WHAT TO DO: Repeat exactly the lines from the first line of the records through the line containing "Mabel Vestido Largo", and nothing more.

RECORDS SUPPLIED:
◇ ◇ ◇ ◇ ◇ ◇ ◇

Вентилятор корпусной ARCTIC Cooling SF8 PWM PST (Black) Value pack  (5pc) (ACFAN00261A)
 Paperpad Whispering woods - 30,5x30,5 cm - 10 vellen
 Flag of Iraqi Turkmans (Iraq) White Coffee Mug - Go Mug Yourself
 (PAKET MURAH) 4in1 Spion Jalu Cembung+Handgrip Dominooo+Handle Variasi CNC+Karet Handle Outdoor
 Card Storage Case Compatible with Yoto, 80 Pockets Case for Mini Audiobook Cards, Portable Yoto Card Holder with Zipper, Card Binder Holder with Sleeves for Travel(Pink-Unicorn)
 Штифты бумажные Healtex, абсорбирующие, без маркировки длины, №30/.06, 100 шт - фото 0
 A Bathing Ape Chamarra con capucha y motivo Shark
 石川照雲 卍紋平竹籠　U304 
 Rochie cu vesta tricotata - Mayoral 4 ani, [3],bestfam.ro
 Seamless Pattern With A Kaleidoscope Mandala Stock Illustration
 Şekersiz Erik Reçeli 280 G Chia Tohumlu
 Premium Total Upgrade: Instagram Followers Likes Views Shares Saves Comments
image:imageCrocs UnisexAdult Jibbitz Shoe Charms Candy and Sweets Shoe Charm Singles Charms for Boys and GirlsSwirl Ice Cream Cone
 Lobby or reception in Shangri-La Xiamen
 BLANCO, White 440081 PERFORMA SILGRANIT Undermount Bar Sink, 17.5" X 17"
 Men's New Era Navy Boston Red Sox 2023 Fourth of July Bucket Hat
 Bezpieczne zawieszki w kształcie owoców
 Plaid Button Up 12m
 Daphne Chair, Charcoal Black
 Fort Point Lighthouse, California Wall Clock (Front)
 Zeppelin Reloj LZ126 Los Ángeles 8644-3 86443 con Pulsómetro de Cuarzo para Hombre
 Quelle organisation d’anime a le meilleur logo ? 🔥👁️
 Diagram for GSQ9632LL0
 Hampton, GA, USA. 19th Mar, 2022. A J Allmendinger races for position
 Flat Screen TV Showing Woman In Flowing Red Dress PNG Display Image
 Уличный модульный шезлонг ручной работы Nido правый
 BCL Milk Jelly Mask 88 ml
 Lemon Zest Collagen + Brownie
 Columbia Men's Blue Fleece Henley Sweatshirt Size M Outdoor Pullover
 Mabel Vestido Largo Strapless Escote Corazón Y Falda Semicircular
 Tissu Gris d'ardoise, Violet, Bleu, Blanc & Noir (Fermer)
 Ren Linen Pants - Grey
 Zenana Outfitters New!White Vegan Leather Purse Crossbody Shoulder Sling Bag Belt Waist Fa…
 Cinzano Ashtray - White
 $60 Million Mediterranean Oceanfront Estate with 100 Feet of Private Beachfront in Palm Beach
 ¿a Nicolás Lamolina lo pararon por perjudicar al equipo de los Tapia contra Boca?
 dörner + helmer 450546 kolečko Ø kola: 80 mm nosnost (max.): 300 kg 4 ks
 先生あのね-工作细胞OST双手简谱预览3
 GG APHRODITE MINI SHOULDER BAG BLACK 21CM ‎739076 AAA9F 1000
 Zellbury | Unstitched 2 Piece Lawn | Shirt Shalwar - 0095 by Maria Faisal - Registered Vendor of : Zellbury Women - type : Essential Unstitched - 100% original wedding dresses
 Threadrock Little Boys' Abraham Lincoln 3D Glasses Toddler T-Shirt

◇ ◇ ◇ ◇ ◇ ◇ ◇

EXERCISE RESPONSE:
Вентилятор корпусной ARCTIC Cooling SF8 PWM PST (Black) Value pack  (5pc) (ACFAN00261A)
 Paperpad Whispering woods - 30,5x30,5 cm - 10 vellen
 Flag of Iraqi Turkmans (Iraq) White Coffee Mug - Go Mug Yourself
 (PAKET MURAH) 4in1 Spion Jalu Cembung+Handgrip Dominooo+Handle Variasi CNC+Karet Handle Outdoor
 Card Storage Case Compatible with Yoto, 80 Pockets Case for Mini Audiobook Cards, Portable Yoto Card Holder with Zipper, Card Binder Holder with Sleeves for Travel(Pink-Unicorn)
 Штифты бумажные Healtex, абсорбирующие, без маркировки длины, №30/.06, 100 шт - фото 0
 A Bathing Ape Chamarra con capucha y motivo Shark
 石川照雲 卍紋平竹籠　U304 
 Rochie cu vesta tricotata - Mayoral 4 ani, [3],bestfam.ro
 Seamless Pattern With A Kaleidoscope Mandala Stock Illustration
 Şekersiz Erik Reçeli 280 G Chia Tohumlu
 Premium Total Upgrade: Instagram Followers Likes Views Shares Saves Comments
image:imageCrocs UnisexAdult Jibbitz Shoe Charms Candy and Sweets Shoe Charm Singles Charms for Boys and GirlsSwirl Ice Cream Cone
 Lobby or reception in Shangri-La Xiamen
 BLANCO, White 440081 PERFORMA SILGRANIT Undermount Bar Sink, 17.5" X 17"
 Men's New Era Navy Boston Red Sox 2023 Fourth of July Bucket Hat
 Bezpieczne zawieszki w kształcie owoców
 Plaid Button Up 12m
 Daphne Chair, Charcoal Black
 Fort Point Lighthouse, California Wall Clock (Front)
 Zeppelin Reloj LZ126 Los Ángeles 8644-3 86443 con Pulsómetro de Cuarzo para Hombre
 Quelle organisation d’anime a le meilleur logo ? 🔥👁️
 Diagram for GSQ9632LL0
 Hampton, GA, USA. 19th Mar, 2022. A J Allmendinger races for position
 Flat Screen TV Showing Woman In Flowing Red Dress PNG Display Image
 Уличный модульный шезлонг ручной работы Nido правый
 BCL Milk Jelly Mask 88 ml
 Lemon Zest Collagen + Brownie
 Columbia Men's Blue Fleece Henley Sweatshirt Size M Outdoor Pullover
 Mabel Vestido Largo Strapless Escote Corazón Y Falda Semicircular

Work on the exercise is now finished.